With even harsher language, the Cross-Straits Voices channel of the CCP’s official China Media Group (CMG) adopted an adversarial tone. In the face of efforts toward Taiwan’s independence, it said, “peace in the Taiwan Strait is like fire and water” (台海和平水火不容).
This is relatively mild. While we’re at it, the SCMP’s ever-moronic Alex Lo writes…
Now in office, Lai is not even hiding his secessionism, which necessarily requires the American militarisation of the island, with all its terrible implications for the Taiwanese, as well as threatening a wider regional conflict. The DPP risks turning the island into an existential military threat to the mainland on behalf of the US. In doing so, it’s painting a big target on itself.
They are exchanging relative autonomy for vassal status under Uncle Sam. In this grand US design of China containment, a cross-strait conflict will only be a piece of the puzzle for Washington, but it will be the “be all and end all” for Chinese people. Of course the Americans are cheering on Taiwan.
(None of these commentaries ever mention the preferences of the Taiwan people, as if they are somehow irrelevant or non-existent.)
Amazing how Alex Loathsome shifted from being sadomasochist to “master strategist”.
“They are exchanging relative autonomy for vassal status under Uncle Sam.”
Alex Lo really is an idiot. Taiwanese actually get to vote for their leadership in free elections with open nominations unlike here in HK where every election is now rigged at the nomination level. It is plainly obvious that there would be more real autonomy with an American alliance than under the Chinese “one country, two systems” model that they keep pretending is still real but in reality is top-down domination.

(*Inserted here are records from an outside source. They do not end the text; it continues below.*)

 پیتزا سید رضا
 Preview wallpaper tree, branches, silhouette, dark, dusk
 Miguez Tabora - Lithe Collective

And that blowhard cunt still lives in Canada.
Is Mickey a follower of this blog?
A few weeks ago I proposed that a process of natural attrition be applied to the ExCEr’s digs to prevent expenditure from soaring.

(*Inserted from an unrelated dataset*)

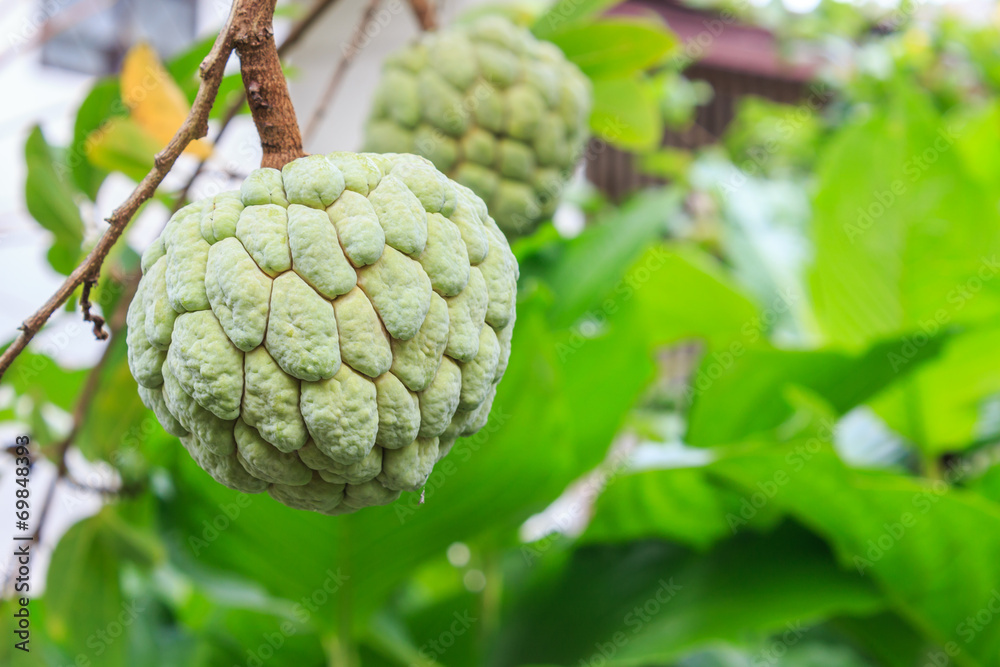 Fototapeta premium Green Annona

Tung has not been seen in public for many years and no longer participates in public life.
Carrie should have been assigned his space.
For some reason I was unable to post this last weekend.
– – – – – – – –
“Google blocks 32 versions of protest song”
– HK Free Press, May15
I went to see the doctor
I went to see the doctor
And told him I was ill:
Poignant notes of music
Are tantalising still.
Looking sad and sombre,
He tested both my ears
And said, “The diagnosis
Confirms my deepest fears.”
I went to see the doctor
And told him I was sick.
He said, “You know I warned you
About the dangerous click.
It’s foreign and subversive,
Poisonous, impure.
How can we be healthy
If we are not secure?”
I went to see the doctor.
“I cannot understand
Why the poignant music
Is on a sudden banned.”
Looking sad and sombre
He tested both my ears.
“You’d better learn to sing
‘The March of Volunteers’.”
“Xi is constrained by the context that he inherited,” said Yuen Yuen Ang, a professor of political economy at Johns Hopkins University.
“Inherited”? Xi has been in power for nearly a dozen years – but it is only now that it is his predecessor’s fault?
Hmmm….
“Xi has been in power for nearly a dozen years – but it is only now that it is his predecessor’s fault?”
The finger ALWAYS points somewhere else. Like the scientifically-proven superior zero COVID BS, just you watch – General-Secretary He-Who-Has-Thought-of-Everything will have somebody else thrown under a bus for cocking up the implementation of His policies of perfection.
the last line… brilliant
I am pretty sure that all “master strategists” are sadomasochists. Actually, it just dawned on me that the two are an anagram.
The fun thing about right-now Taiwan are the divisions the newly installed leader is causing/revealing in his province. There seem to be a heck of a lot of unhappy campers. Could civil unrest follow?